Hellenistic and Graeco-Roman Period
46th Season of Excavations — Basilica IV
Dates: 11 October – 10 November 2008
Prof. Michał Gawlikowski, director (Institute of Archaeology, University of Warsaw)
Dr. Grzegorz Majcherek, co-director (PCMA)
Krystyna Gawlikowska, art historian (freelance)
Dr. Dagmara Wielgosz, archaeologist (Katholieke Universiteit Leuven scholarship holder)
Aleksandra Kubiak, archaeologist (doctoral candidate, Institute of Archaeology, University of Warsaw)
Karol Juchniewicz, archaeologist (doctoral candidate, Institute of Archaeology, University of Warsaw)
Marcin Wagner, archaeologist (Institute of Archaeology, University of Warsaw)
Wojciech Terlikowski, architect (Faculty of Civil Engineering, Warsaw University of Technology)
Students from the Warsaw University of Technology
The fieldwork focused on a large basilical church (Basilica IV) in the northwestern part of the city. The objective was to identify the layout of the building and to evaluate its chronological and architectural context. Basilica IV is located some 70-80 m north of Basilica III excavated by the Polish Mission in 2002 (see PAM XIV Reports 2002).

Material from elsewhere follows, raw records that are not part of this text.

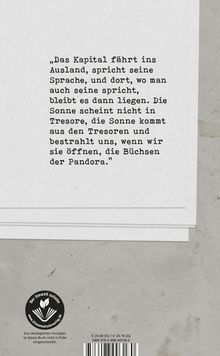 Rückansicht vergrößern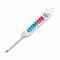ʬ¬  TK-915(BEV1501)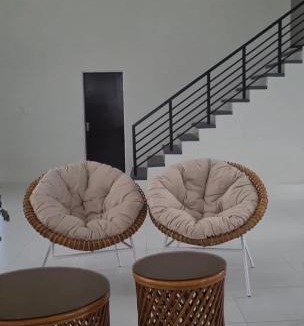 Dasmarinas House | Entire Home or Room for rent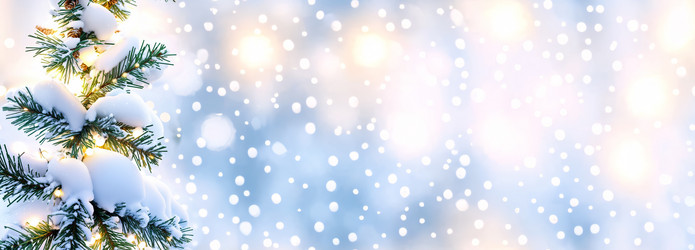 Similar image 21669351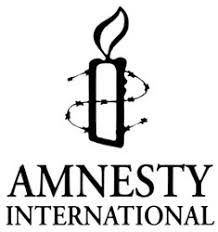 amnesty-international.jpg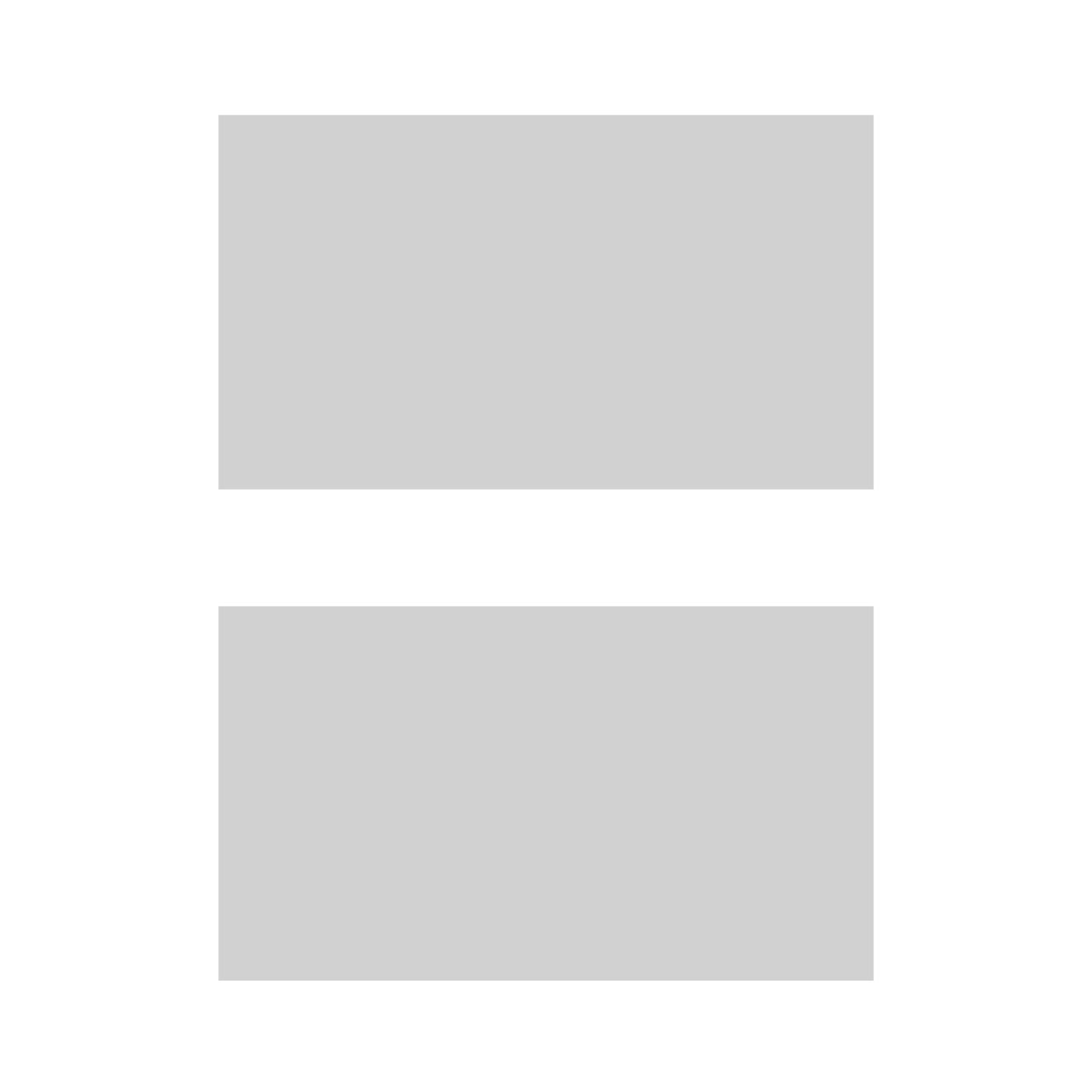 Matte Business Cards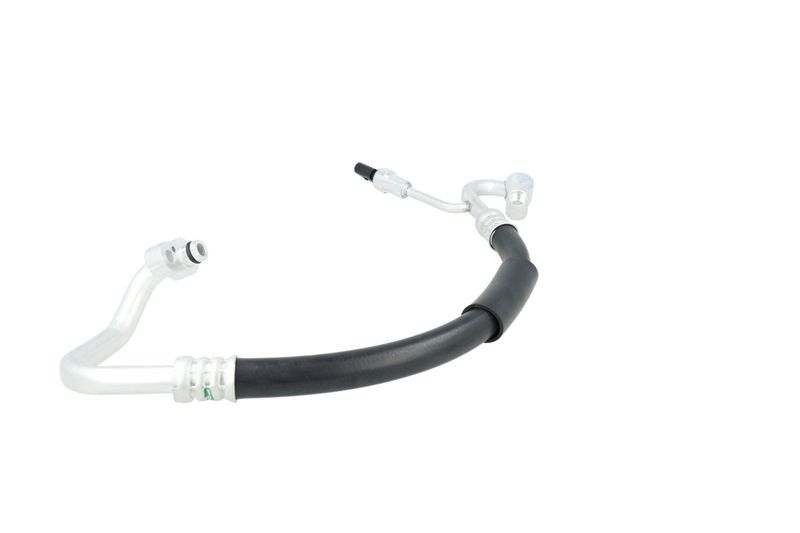 NRF 400093 High/Low-pressure Line, air conditioning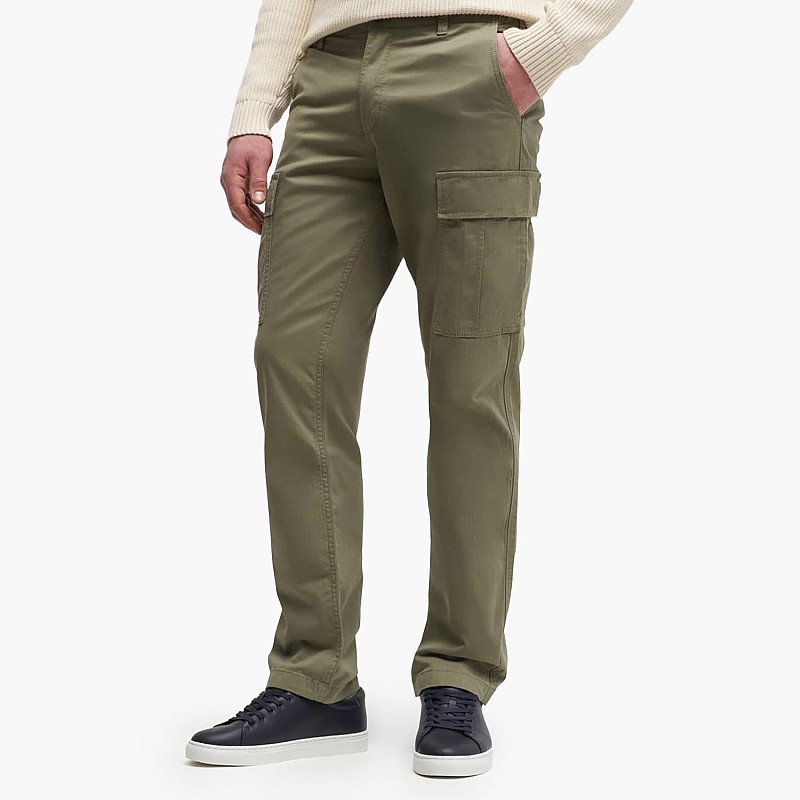 Timberland A2PG9.1 Men's Trousers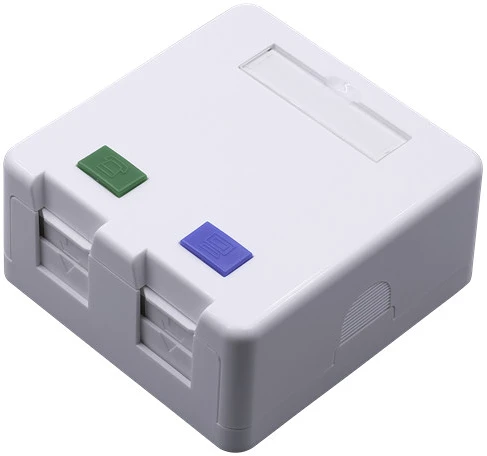 Walisec FP-SB01-2 nagyítás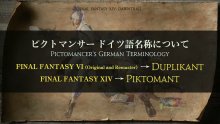 Final-Fantasy-XIV-FFXIV-Dawntrail-40-07-01-2024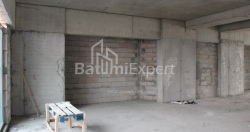 Daire 173 m² Daire - Lech ve Maria Kachinsky, Batumi, Gürcistan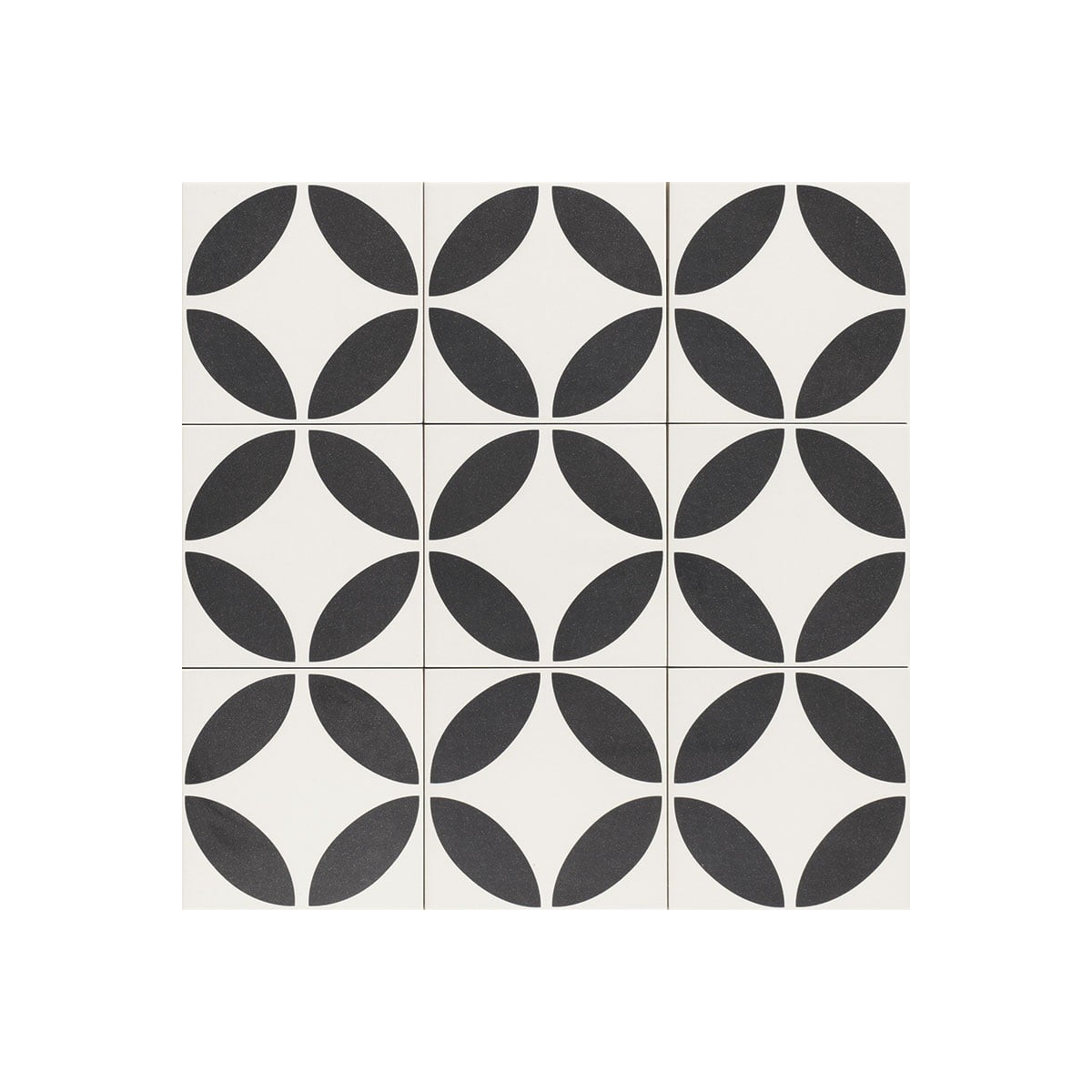 Cavan floor and wall tiles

In 2007, a test trench dug in the middle part of the church revealed a stone pavement in the side aisles and a large robbers’ pit in the nave (see Palmyra in the 2007 PCMA Newsletter).Dating this late activity proved to be difficult as only a pittance of sherds, mostly of Umayyad/Abbasid age, came from the fill of the pit. The trench was expanded this year, the excavation work being coupled with a general survey and mapping of the building. All surface features were documented and the large blocks scattered over the site were marked and removed to an open-air storage area.
In effect of this year’s research at the church site, three main occupation phases were identified.
Phase I: Pre-church occupation
The first architecture in the area appeared apparently in the 2nd-3rd century AD. A small section of a foundation wall belonging to some unknown structure was observed inside the robbers’ pit, which reached below the church pavement. Built of hard limestone blocks, this low wall runs east-west, following the orientation of other architectural features in the quarter. An earlier discovery from the area was a lintel from a gate that had stood once in front of this unknown building. The bilingual, Greek and Palmyrenian, inscription found on this lintel honors Septimius Severus. The gate may have served as an entrance to a monumental building and was only later incorporated into the church complex.
Phase II: Basilica IV
At some point (presumably in the 6th century), a large church was built on top of the ruined or dismantled building. It is a typical monoapsidal basilica with two rows of three columns dividing the interior into a nave and two aisles. The main body measures 47.50 x 27.50 m, making Basilica IV by far the largest church in Palmyra and one of the largest in Syria. The span of the nave reaches 12.60 m, while the lateral aisles exceed 6 m. The edifice is not enclosed within the regular street grid; its façade (exonarthex) was aligned with the “Church Street”, while the apse and the pastophoria extended to the east, encroaching on a parallel street.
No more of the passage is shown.